We all struggle with feelings of worthlessness at one point or another in life.  Instead of staying trapped in the mindset of thinking you have nothing to offer, remind yourself of these 3 important truths.  If you feel that you’re in a season of struggling right now or if you’d like to encourage someone who is, feel free to leave a comment below.   

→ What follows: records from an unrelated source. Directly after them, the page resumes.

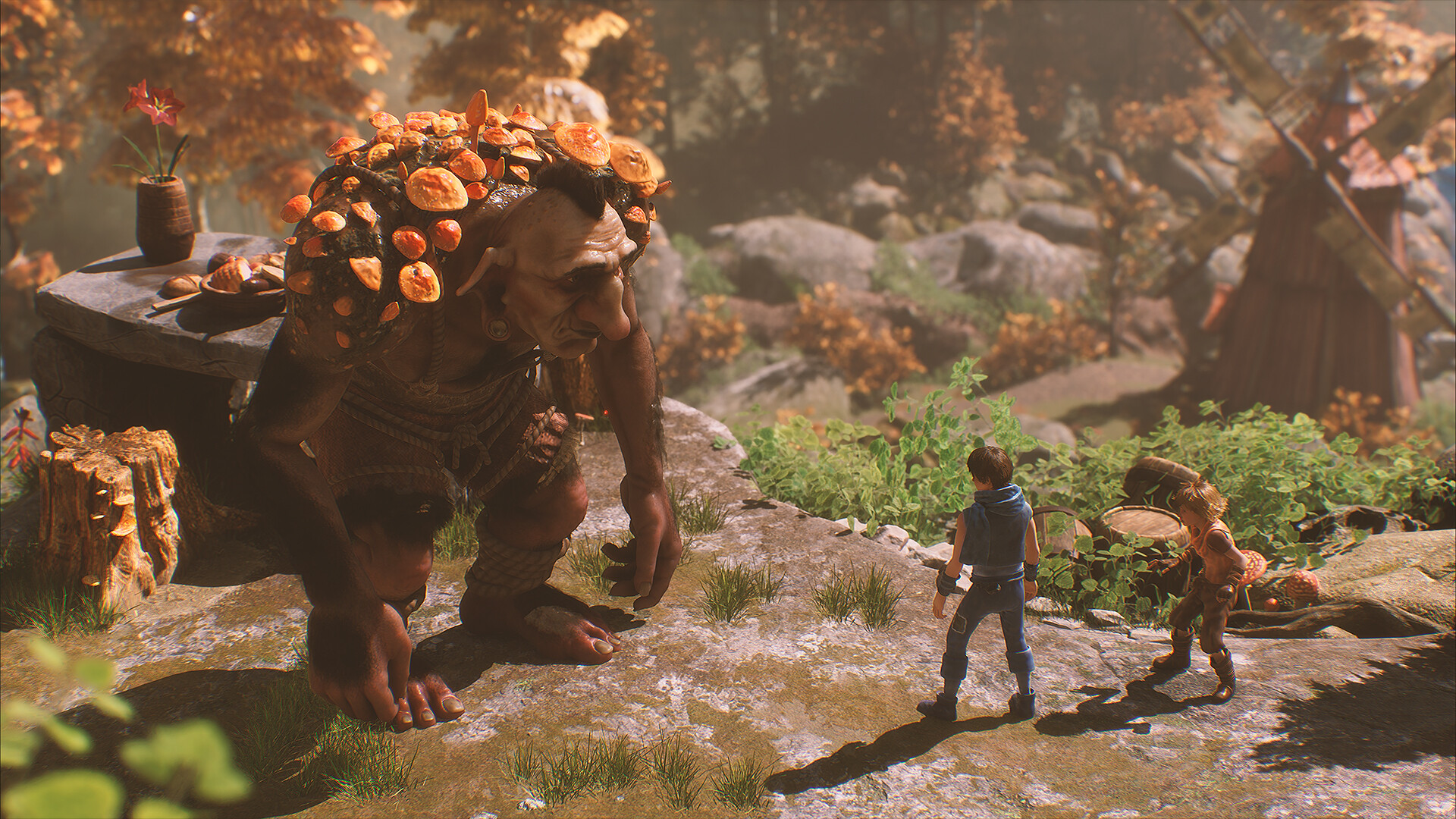 Brothers: A Tale of Two Sons Remake EU Steam CD Key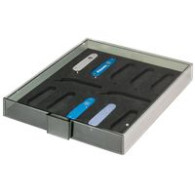 Lindner 2476 Caja De Colección Para 12 Navajas Suizas De 84 Mm - Materiale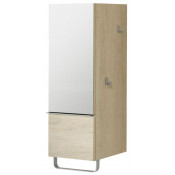 Пенал Jacob Delafon ODEON UP EB893G-E10 левая, 35х96, квебекский дуб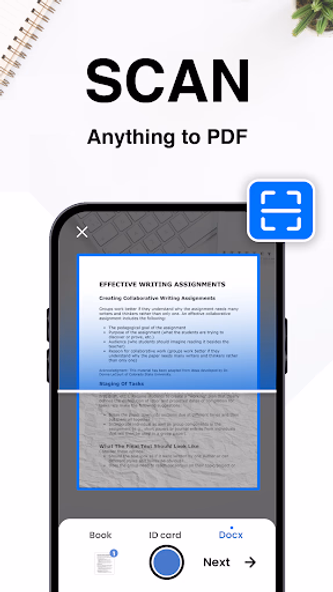 PDF Scanner App - Gen Scanner Screenshot 2 - AppWisp.com PDF Scanner App - Gen Scanner Screenshot 2 - AppWisp.com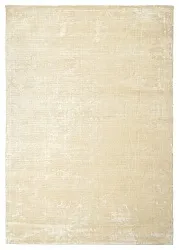 Viscose-vloerkleed - Jodhpur Special Luxury Edition (licht beige)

Please note: I reserve the right to delete comments that are offensive or off-topic.

  • J

    I feel worthless to the point of being a waste of space.

  • Heartlander

    Thank you so much for this post. I’m going through such a difficult time. Trying to get calmed down enough to try to get some sleep. I googled “feeling desperate any words of comfort” and this was one of the things that came up! God bless you for sharing this with the world. I really needed it!

  • Moejj

    I’m falling apart – inside. Wish. If only God didn’t let me happen/create me. No social life. Have a friend. Better than no friend. Only person I could ever talk to, my beloved Mom long gone. Sure. Jesus knows. Knows the boloney I go through. He cares. I know. Here I sit staring at the ceiling typing into the nowhereville internet. Gee, guess I must be something to come under attack like this, eh? My head feels like it’s been hit by a baseball bat, dizzy, major wave of worthlessness. Ride the wave it’ll all get better until it happens again. Icing on the cake, my beloved Kitty Barney, my little buddy I love so much, is sick, losing weight, not eating, praying like mad he be healed up. Barny and Kaliopae are all have to come home to. I can’t even afford to take my little Buddy to the vet. I have $17 until next Friday before I get paid. I blame myself. Career/wage faultered. Owe a buttload of taxes from years past due to roommates never paying me. Scared witless of the IRS catching up to me. Ah the love of money. No worries there – I hate it. Never have enough. I am a looser. Lost my hair. Missing my front tooth. So easy for anyone to say you have (cough) “gifts” have worth blah blah blah. I was the dimwith holding the door for everyone when self worth was handed out. Rapture or a speeding bus/bullet/train, then the hurt will be gone for good. No more pretending or telling myself I’m somebody to try and convince myself. Thought I would be married have a family have love by now. Nope. Not for this hombre. Guess that’s a blessing I can’t even afford to care for my Kitties. Don’t get me wrong. I am thankful. For a roof over my head. A job. Clothes on my back. Food on my plate. My beloved Kittehs. It could always be even worse, and not have the things I’m so thankful for. I listen to “I feel Invincible” by Skillet and I cry. Piece of work. Someone pray for me? Make the stupid stop? Can say this and *KNOW IT*. No I’ll never do something stupid to myself. Can DEFINITELY feel the Holy Spirit in that department. It’s almost cool & funny at the same time, in that I can feel the this IMMENSE strength that won’t allow it. Would be nice if the same would give me a clue, I feels so insanely stupid.

  • Sezakou .

    I want real companionship, not an invisible friend.